What to do – Within the lines below, the span from the line with "Wrist watch DKNY" to the line with "Блиск для губ", both ends included, is to be reproduced exactly, with pictures omitted.

Excerpted data –
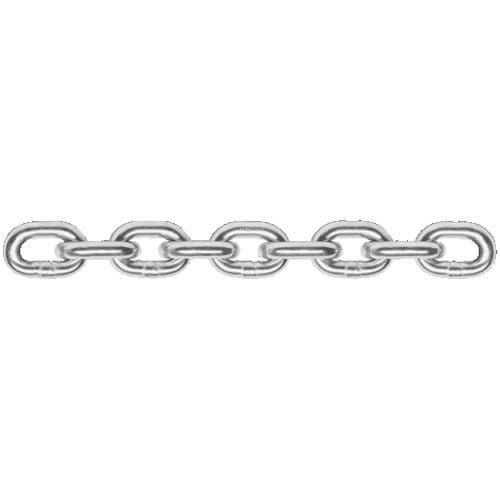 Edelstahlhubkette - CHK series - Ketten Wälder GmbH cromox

* * *

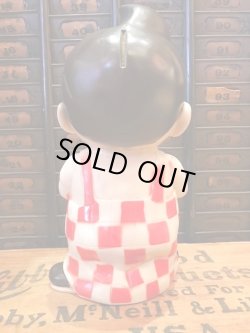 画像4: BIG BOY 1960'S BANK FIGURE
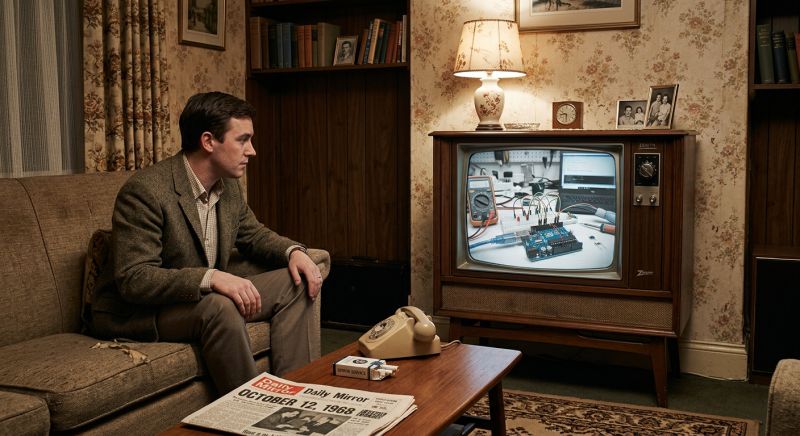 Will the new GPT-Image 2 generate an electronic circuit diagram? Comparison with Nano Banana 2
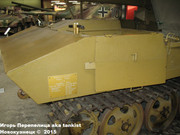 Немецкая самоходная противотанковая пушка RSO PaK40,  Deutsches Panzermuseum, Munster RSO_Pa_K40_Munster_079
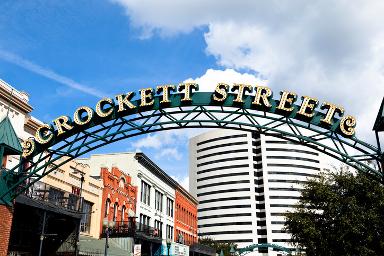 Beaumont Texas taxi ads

---

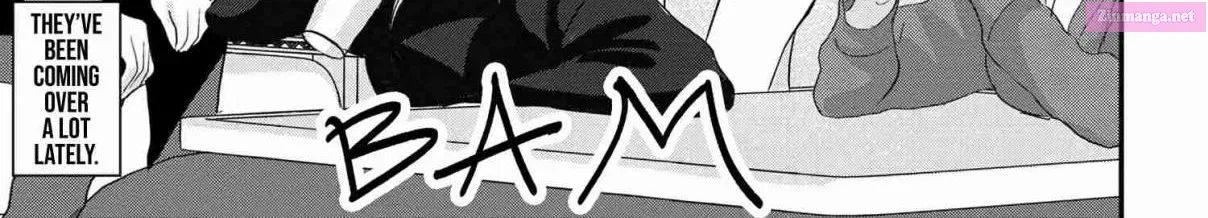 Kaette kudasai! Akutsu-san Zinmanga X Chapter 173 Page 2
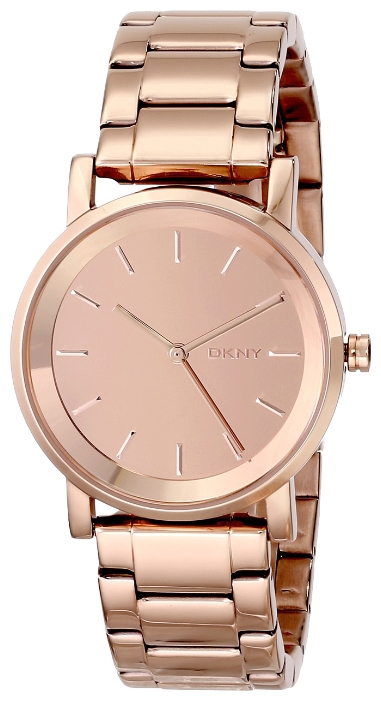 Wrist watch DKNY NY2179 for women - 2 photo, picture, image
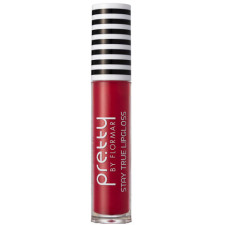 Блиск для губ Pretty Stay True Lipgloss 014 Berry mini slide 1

Output for this exercise –
 Wrist watch DKNY NY2179 for women - 2 photo, picture, image
 Блиск для губ Pretty Stay True Lipgloss 014 Berry mini slide 1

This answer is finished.